[TASK TO CARRY OUT]:
Copy each line of the records that includes "sale".

Collection entries:
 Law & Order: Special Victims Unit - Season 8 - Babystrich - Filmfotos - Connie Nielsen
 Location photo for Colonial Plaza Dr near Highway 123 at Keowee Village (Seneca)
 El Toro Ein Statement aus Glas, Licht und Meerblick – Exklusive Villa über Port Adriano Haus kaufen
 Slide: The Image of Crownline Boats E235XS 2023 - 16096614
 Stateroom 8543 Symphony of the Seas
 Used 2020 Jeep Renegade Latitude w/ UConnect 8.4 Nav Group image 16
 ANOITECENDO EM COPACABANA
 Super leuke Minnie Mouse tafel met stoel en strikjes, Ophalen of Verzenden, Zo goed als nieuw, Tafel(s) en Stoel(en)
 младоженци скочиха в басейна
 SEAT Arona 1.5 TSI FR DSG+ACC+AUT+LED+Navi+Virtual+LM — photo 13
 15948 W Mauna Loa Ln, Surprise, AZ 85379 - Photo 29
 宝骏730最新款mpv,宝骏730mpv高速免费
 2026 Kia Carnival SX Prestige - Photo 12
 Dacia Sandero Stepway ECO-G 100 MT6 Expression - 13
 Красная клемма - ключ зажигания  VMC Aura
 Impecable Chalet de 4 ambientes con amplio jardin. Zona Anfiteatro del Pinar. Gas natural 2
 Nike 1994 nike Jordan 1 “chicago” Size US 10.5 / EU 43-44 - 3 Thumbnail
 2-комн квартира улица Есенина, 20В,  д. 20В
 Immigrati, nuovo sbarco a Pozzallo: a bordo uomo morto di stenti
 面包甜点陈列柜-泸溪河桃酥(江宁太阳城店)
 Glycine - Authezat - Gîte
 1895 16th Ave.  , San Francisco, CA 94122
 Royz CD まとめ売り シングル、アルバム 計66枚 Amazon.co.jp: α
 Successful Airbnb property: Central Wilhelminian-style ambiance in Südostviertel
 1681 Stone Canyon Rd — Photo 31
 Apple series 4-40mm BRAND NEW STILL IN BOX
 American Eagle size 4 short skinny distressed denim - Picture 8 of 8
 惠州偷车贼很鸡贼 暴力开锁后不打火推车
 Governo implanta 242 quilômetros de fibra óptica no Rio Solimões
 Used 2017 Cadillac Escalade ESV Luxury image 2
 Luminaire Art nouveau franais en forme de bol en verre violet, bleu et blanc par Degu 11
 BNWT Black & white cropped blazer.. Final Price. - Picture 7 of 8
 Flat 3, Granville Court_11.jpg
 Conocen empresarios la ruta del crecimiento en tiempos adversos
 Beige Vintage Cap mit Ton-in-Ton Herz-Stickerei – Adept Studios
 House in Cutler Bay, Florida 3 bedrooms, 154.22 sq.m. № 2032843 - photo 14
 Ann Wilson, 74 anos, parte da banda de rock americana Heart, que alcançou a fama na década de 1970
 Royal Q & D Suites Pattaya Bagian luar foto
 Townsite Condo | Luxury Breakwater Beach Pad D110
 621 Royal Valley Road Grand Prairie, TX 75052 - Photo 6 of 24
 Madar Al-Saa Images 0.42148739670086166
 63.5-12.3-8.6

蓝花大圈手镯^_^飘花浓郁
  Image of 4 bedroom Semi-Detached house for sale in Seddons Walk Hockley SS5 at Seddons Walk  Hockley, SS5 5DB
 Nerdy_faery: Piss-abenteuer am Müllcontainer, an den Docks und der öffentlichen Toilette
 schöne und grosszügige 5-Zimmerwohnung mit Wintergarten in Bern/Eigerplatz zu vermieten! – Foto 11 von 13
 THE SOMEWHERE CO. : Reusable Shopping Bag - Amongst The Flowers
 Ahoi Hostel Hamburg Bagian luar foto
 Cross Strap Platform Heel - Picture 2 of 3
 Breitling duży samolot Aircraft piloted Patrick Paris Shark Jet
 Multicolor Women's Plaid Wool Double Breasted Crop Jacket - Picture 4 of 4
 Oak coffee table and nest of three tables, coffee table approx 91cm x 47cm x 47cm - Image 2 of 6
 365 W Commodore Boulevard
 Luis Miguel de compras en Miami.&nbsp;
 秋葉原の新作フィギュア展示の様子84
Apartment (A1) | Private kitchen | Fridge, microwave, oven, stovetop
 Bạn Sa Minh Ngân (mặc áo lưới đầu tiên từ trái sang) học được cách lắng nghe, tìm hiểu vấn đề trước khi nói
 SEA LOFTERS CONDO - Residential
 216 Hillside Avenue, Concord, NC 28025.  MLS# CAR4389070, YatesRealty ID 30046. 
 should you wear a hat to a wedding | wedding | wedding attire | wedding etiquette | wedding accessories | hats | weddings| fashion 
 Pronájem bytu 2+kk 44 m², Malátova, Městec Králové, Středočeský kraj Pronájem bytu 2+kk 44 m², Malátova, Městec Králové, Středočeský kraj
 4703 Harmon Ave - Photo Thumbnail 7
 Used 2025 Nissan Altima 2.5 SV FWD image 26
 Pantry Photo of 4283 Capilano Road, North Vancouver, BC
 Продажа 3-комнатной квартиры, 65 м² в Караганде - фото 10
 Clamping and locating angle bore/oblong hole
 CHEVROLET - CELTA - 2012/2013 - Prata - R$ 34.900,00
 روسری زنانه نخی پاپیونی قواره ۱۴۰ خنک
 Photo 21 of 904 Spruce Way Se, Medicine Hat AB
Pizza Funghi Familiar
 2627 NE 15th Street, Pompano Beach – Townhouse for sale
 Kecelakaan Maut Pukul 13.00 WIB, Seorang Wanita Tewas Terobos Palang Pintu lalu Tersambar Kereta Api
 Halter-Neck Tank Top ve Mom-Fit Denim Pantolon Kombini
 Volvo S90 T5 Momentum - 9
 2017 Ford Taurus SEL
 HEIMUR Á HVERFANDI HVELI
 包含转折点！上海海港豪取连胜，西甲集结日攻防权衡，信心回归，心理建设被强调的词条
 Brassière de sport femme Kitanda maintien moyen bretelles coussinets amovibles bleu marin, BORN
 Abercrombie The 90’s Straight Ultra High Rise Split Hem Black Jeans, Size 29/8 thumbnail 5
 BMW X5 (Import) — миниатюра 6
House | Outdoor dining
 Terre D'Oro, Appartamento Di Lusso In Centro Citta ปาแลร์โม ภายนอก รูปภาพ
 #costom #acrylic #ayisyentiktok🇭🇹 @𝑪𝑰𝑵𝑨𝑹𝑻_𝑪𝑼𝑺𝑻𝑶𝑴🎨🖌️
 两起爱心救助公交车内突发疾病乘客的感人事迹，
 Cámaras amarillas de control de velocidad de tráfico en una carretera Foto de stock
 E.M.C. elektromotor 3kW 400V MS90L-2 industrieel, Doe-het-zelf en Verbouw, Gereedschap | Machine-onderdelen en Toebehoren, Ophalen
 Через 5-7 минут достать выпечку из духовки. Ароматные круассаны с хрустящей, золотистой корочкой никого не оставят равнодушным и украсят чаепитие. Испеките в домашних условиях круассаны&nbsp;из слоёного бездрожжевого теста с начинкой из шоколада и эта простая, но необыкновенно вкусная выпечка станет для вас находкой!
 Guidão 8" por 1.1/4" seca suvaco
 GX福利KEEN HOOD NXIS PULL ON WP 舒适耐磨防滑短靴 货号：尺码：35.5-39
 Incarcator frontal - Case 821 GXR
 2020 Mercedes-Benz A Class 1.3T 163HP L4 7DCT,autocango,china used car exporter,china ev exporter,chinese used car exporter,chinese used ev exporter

[RESPONSE]:
  Image of 4 bedroom Semi-Detached house for sale in Seddons Walk Hockley SS5 at Seddons Walk  Hockley, SS5 5DB
 2627 NE 15th Street, Pompano Beach – Townhouse for sale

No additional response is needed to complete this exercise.